Peygamber efendimiz bu isteğe "mucizeler ancak Allah katındadır ve ben ancak apaçık bir uyarıcıyım(Ankebut/50)"diyerek cevap verir.Bu cevaba rağmen inanmayanlar kendilerince Allahın peygamberini sıkıştırmaya devam ederek, samimi olmamakla birlikte inanmamızı sağlayacak bir delil olsa inanancağız derler ve mucize isteklerinde ısrar ederek; Doğru söylediğine dair bize Rabbinden açık bir delil (bir mucize) getirseydi ya(Taha/133)şeklinde bastırırlar. Allah-u Teâlâ ayetin devamında ise, inanmak için mucize isteyenlerin aklına ve vicdanına yönelik olarak Önceki kitaplarda olanların apaçık delili (olan Kur'an) onlara gelmedi mi? Sorusunu yöneltir.
Akabinde Kendilerine okunan Kitap'ı sana indirmemiz onlara yetmedi mi? Ayetiyle, mucize isteyenlerin samimiyetsizlikleri yüzlerine vurulur. Tüm bu gerçeklere rağmen inanmayanlar, işi yokuşa sürmek adına illa gözleri ile görebilecekleri mucize isteklerinde ısrar ederler.
İstedikleri mucize veya mucizeler gelmeyince bir kısım insanlar inanmamanın yanında, Allah resulüne ve inananlara eziyet etmeye başlarlar. Mucize isteyenlerin iç dünyasından haberdar olmayan Allah resulü, Mucize gösterilirse bu insanların inanacağı zannına sahipti. İlk önceleri mucize gelirse inanacaklarını ümit ediyordu. İnsan olması hasebiyle Allah resulü de mucize isteklerine cevap verilmemesi yüzünden üzülmeye başlaması üzerine Allah-u Teâlâ Eğer onların yüz çevirmeleri sana ağır geldiyse; bir delik açıp yerin dibine inerek yahut bir merdiven kurup göğe çıkarak onlara bir mucize getirmeye gücün yetiyorsa durma, yap! (Enam/35) şeklinde uyarısını gönderir.
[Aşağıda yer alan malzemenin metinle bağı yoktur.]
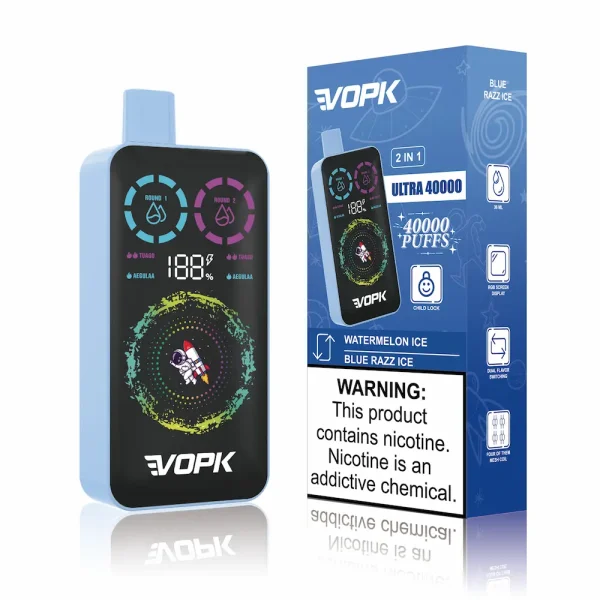 Vapeador desechable VOPK Ultra 40000 40K puffs - sabor blue razz ice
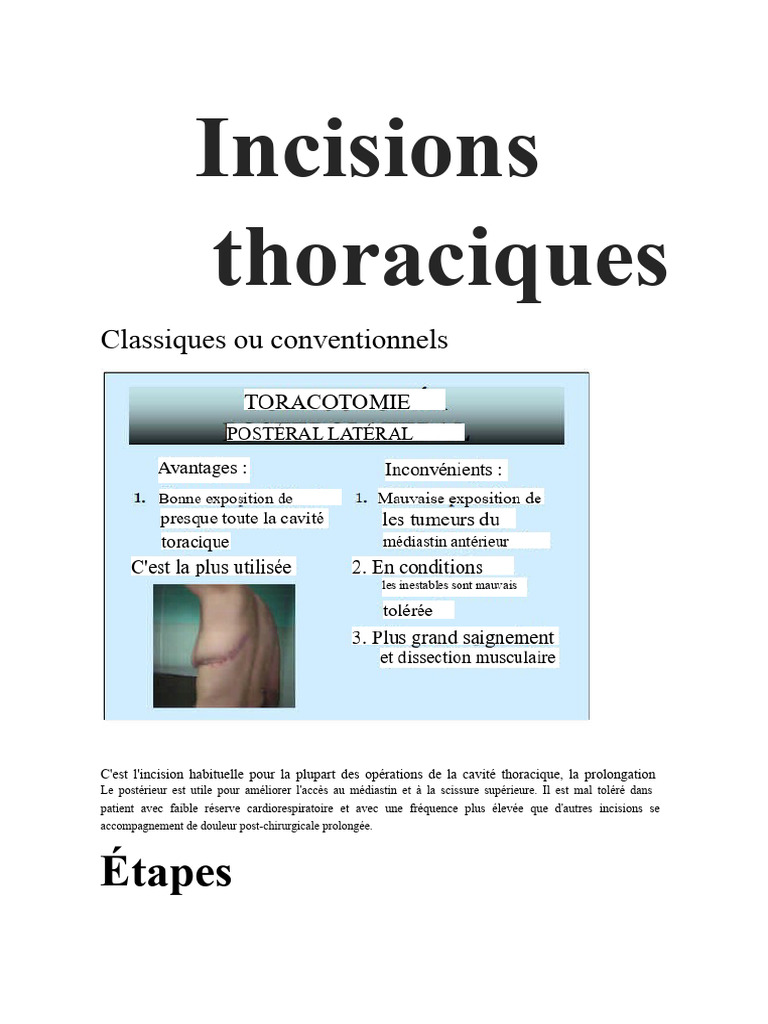 Techniques d'incisions thoraciques en chirurgie | PDF | Thorax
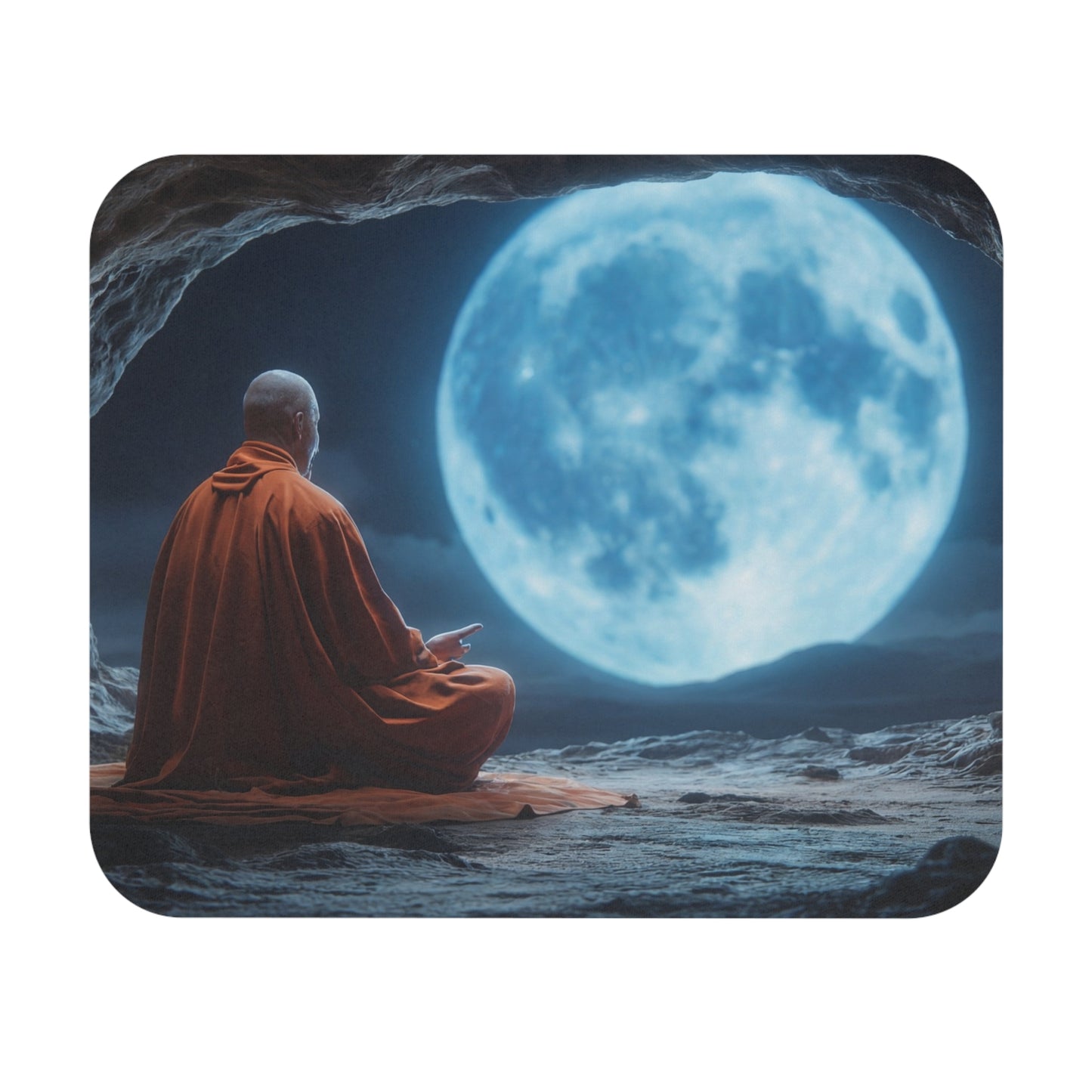 Moonlit Monk Mouse Pad (Rectangle) – Stillness Beneath the Celestial Glow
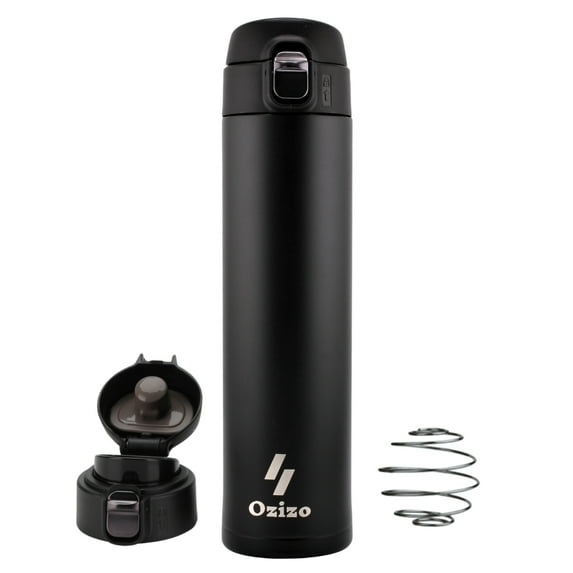 Ozizo 18 oz Insulated Water Bottle with Push Button Lid and Mixer | Stainless Steel Bottle with Spout Lid | Leak Proof and Spill Proof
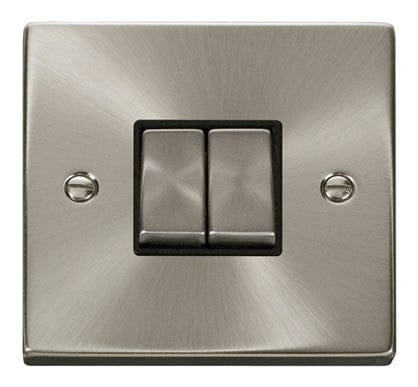 Satin Chrome 10A 2 Gang 2 Way Ingot Light Switch - Black Trim - SE Home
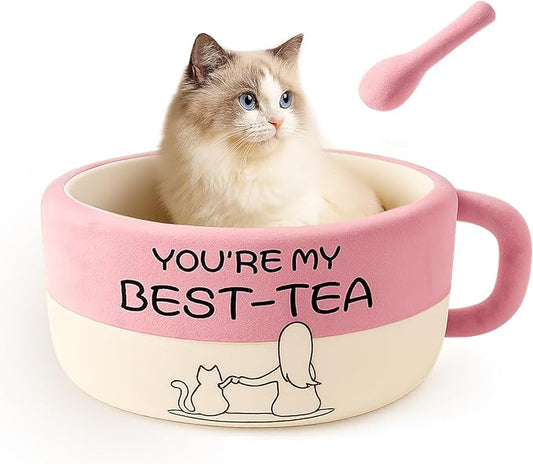 Cute Cat Beds Kitten Beds, Soft Small Dog Beds, Washable Pet Beds for Puppy and Kitty, Funny Coffee Cup Shape, 20 Inch
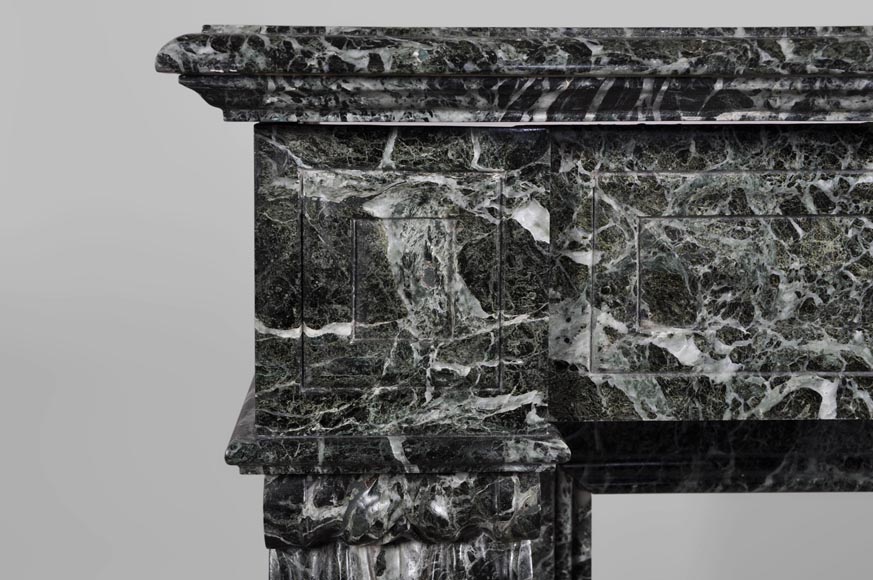 Antique Napoleon III style fireplace with lion's paws in Vert des Alpes marble Antique Napoleon III style fireplace with lion's paws in Vert des Alpes marble-3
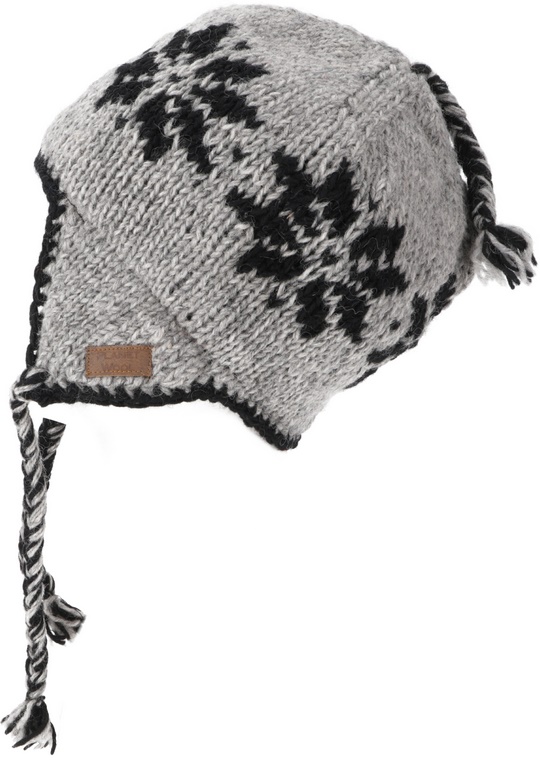 Ohrenklappen Wollmütze Grau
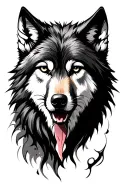 wolf clock tattoo design idea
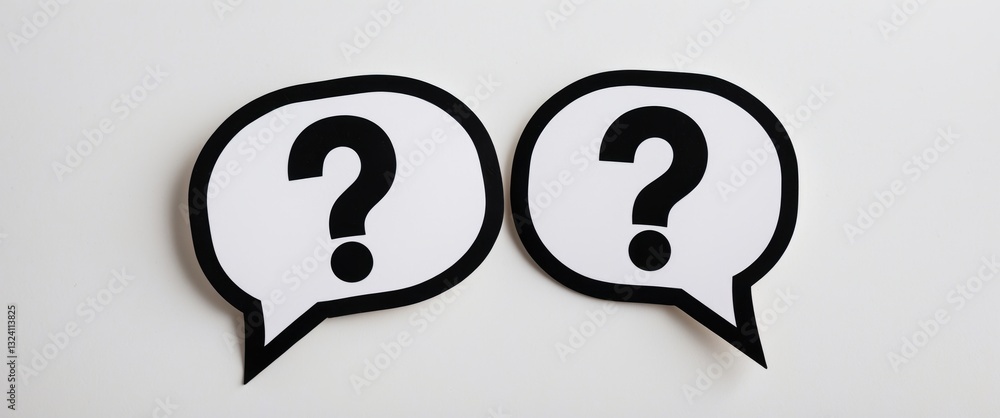 Poster paper speech bubbles featuring question marks. faq concept or information search concept.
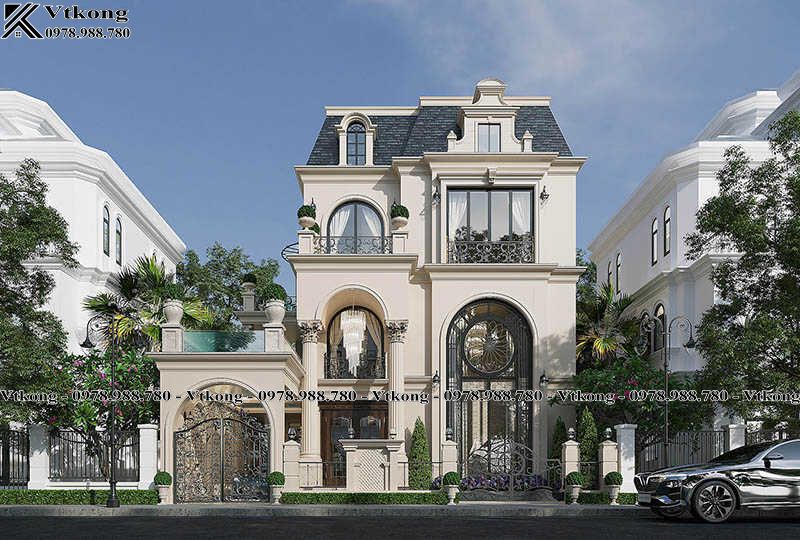 Mặt Tiền Biệt Thự Phong Cách Indochine Mái Mansard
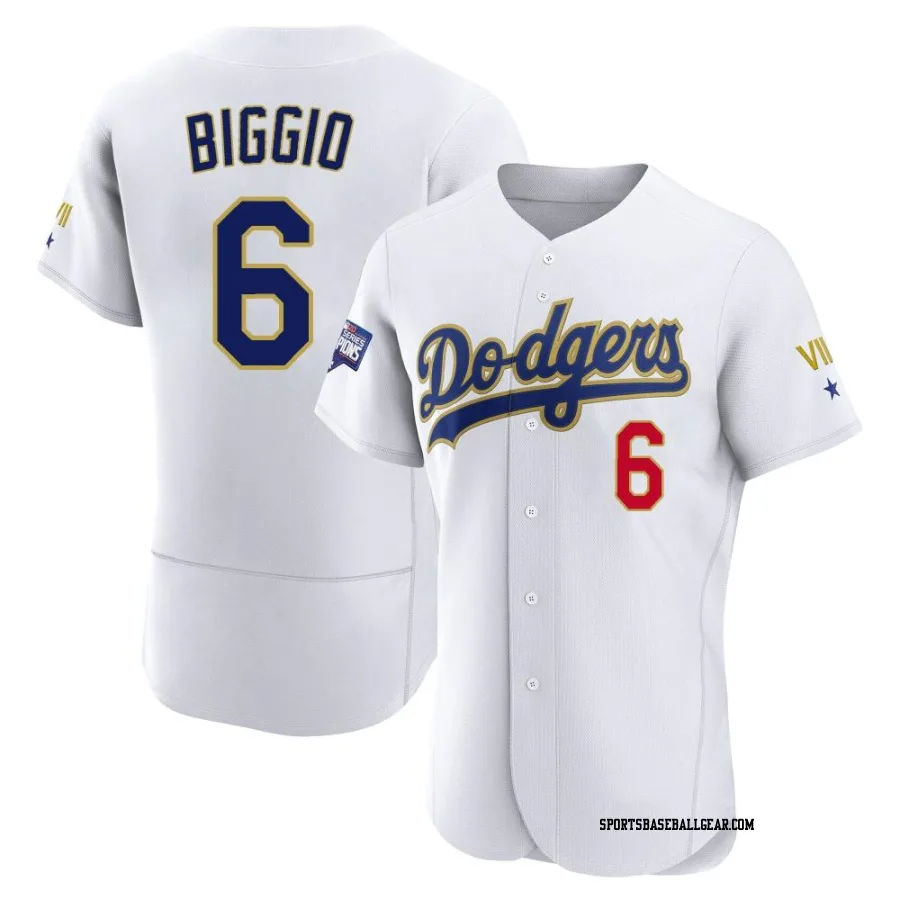 Cavan Biggio Men's Los Angeles Dodgers White/Gold Authentic 2021 Gold Program Player Jersey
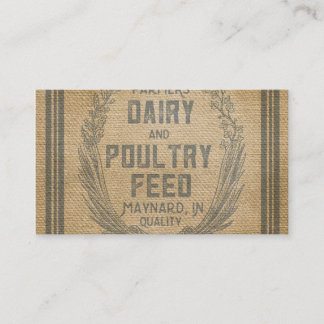 Farmers Dairy Poultry Feed Sack Burlap Business Card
Bu uyarının akabinde Allah-u Teâlâ mucizeler konusunda "Şüphesiz Allah'ın, bir mucize indirmeğegücü yeter" (Enam/37) buyurarak mucize inmemesinin sebebinin Allahın güçsüzlüğü veya yapamaması ile alakalı olmadığını beyan ettikten sonra; Bizi, (Kureyş'in istediği) mucizeleri göndermekten, ancak, öncekilerin onları yalanlamış olması alıkoydu (İsra/59) buyrulur.
Allah-u Teâlânın sünnetullahı gereği, mucize talebinde bulunanlar, istekleri gerçekleştiği zaman iki seçenekle yüzleşmek zorunda kalırlar. Ya inanacaklar, ya da helak olmakla cezalandırılacaklar. Rahmetinin bir tecellisi olarak, inanmayanların mucize isteklerini gerçekleştirmeme sebebini Allah (cc) şöyle açıklar; Onlar bir mucize görseler yüz çevirirler ve "Süregelen bir sihirdir" derler (kamer/2)
Allahın varlığına ve Hz Muhammedin Allahın(cc) elçisi olduğuna inanmak isteğinde samimi olanlar için istedikleri mucize ve delili Akebut suresi 51 ayetinde şöyle dile getiriyor.KENDİLERİNE OKUNMAKTA OLAN KİTAB'I SANA İNDİRMEMİZ (MUCİZE) ONLARA YETMİYOR MU?